Drug Resistance Is Rare but Real
Because these medications depend on the virus’s own thymidine kinase enzyme to become activated, resistance develops when the virus mutates that enzyme so it no longer recognizes the drug. In people with healthy immune systems, this is uncommon. Surveillance data puts resistance rates below 1 percent in the general population, regardless of how long someone has been on treatment.

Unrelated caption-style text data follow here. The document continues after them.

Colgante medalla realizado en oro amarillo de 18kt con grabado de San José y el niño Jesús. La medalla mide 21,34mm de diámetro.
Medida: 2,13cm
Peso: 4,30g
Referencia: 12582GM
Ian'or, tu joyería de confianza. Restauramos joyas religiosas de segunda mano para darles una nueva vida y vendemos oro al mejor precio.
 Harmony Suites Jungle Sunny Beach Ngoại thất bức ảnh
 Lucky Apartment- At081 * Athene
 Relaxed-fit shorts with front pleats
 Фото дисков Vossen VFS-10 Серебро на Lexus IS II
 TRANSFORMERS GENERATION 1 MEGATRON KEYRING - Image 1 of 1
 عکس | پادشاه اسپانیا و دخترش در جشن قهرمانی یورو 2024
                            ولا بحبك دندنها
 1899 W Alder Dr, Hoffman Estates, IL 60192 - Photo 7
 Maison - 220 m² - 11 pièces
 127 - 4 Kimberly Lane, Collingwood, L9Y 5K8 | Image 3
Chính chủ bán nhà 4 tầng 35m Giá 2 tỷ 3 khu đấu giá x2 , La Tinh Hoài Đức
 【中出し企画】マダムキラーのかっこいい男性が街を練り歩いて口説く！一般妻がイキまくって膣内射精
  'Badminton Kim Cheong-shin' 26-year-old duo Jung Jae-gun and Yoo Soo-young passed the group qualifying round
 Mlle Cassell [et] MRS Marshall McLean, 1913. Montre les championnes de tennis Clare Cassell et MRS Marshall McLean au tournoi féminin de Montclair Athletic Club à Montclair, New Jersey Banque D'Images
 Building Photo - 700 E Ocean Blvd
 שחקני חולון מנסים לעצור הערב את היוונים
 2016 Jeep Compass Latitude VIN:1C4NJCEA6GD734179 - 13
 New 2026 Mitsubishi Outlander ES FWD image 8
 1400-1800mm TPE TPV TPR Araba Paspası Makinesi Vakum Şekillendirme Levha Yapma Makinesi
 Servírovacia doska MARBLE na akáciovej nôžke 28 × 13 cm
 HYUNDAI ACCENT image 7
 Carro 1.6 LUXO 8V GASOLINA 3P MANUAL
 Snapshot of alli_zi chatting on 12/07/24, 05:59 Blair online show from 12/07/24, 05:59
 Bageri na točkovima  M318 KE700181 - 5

The picture changes for people with weakened immune systems, such as organ transplant recipients or those undergoing certain cancer treatments. In these groups, the virus replicates more aggressively and has more opportunities to mutate, which drives resistance rates significantly higher. When standard antivirals stop working, doctors turn to alternative medications that bypass thymidine kinase entirely and attack viral DNA replication through a different pathway. These alternatives tend to have more side effects, which is why they’re reserved for resistant cases.
What Medication Timing Actually Looks Like
For a first outbreak, treatment typically lasts 7 to 10 days. First episodes are usually the most severe because your immune system hasn’t built any defenses against the virus yet, so a longer course helps your body catch up. Recurrent outbreaks are shorter and milder on their own, and a 3 to 5 day course of medication can speed healing further if you start at the first symptom.
If you’re on daily suppressive therapy, your doctor will generally reassess once a year. Many people find that after a year or more of suppression, their outbreak frequency has dropped enough to try stopping medication and seeing how things go. Others, particularly those in relationships with uninfected partners, choose to stay on suppressive therapy long-term. The safety profile of these drugs over years of continuous use is well established, and there’s no evidence that long-term use causes the virus to “rebound” worse when you stop.